Trace elements and potential toxic elements were analyzed in bovine livers submitted for autopsy in the Netherlands during the years 2007 to 2018. The age of each animal was recorded. In total, 1544 livers were analyzed for cadmium, cobalt, chromium, copper, iron, molybdenum, nickel, lead, selenium and zinc. Less than 2% of the liver samples were from veal calves. Young animals had significantly higher concentrations of iron and zinc in their livers compared to animals older than one year, while older animals had significantly higher levels of cadmium and molybdenum in their livers. Animals aged 1 to 2 years had the lowest copper and selenium levels. There was a tendency for lower chromium and nickel levels during the last years of the testing period, while copper showed an increase.
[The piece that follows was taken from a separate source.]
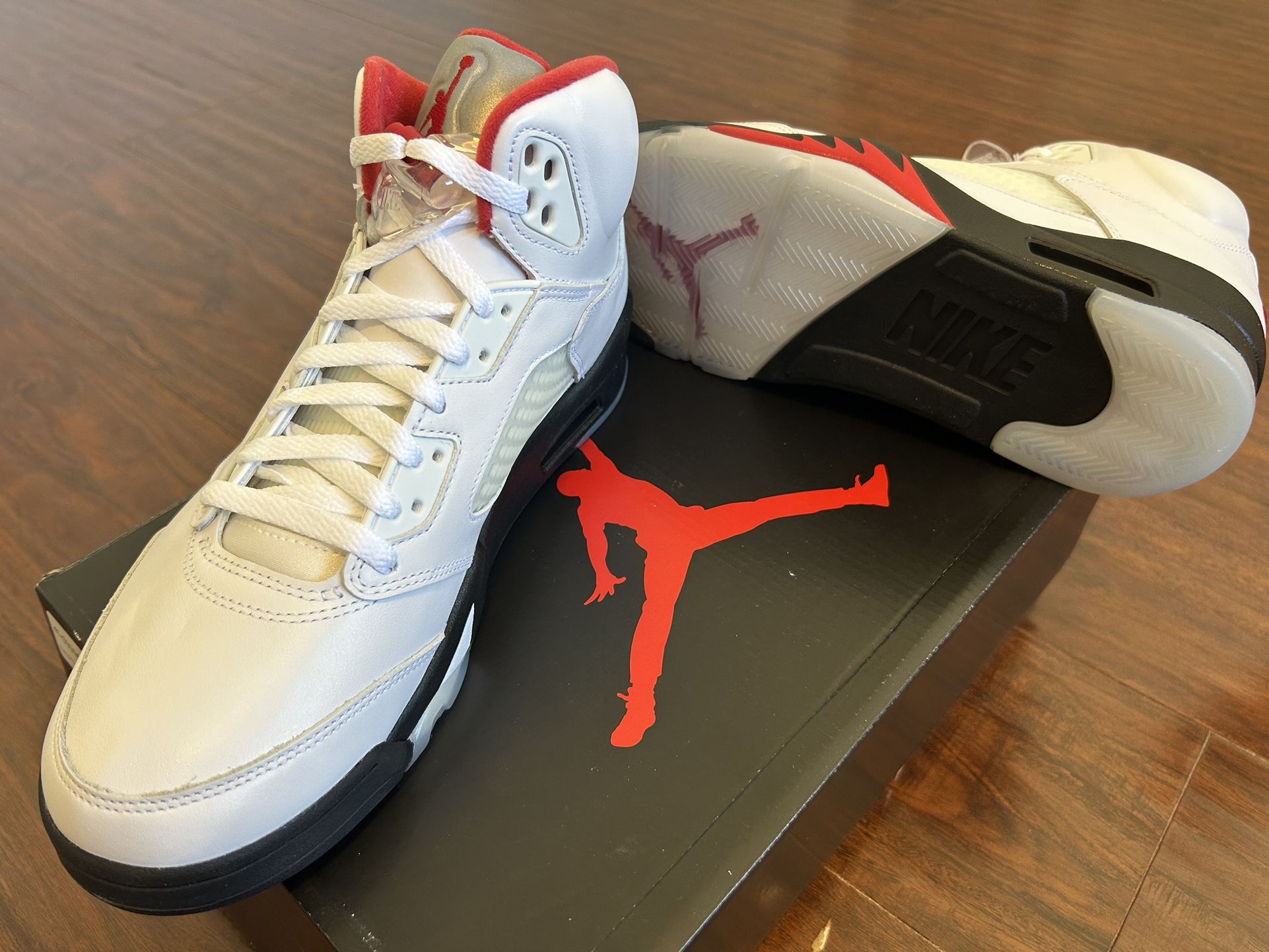 Jordan 5 Retro Fire Red Silver Tongue Sz 9.5 *NEW*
Lead intoxication was only seen in the youngest group of cattle, while copper intoxication, defined as a liver copper of more than 1000 mg/kg dry matter, occurred in older animals, mainly in animals of 3 to 4 years old. This trend analysis of trace elements in bovine livers of cattle over time in recent years, and the relation of liver element concentrations with age of the animal, provides insight in the uptake and storage of these elements by cattle in The Netherlands. Possible reasons for observed trends and age-related patterns are discussed.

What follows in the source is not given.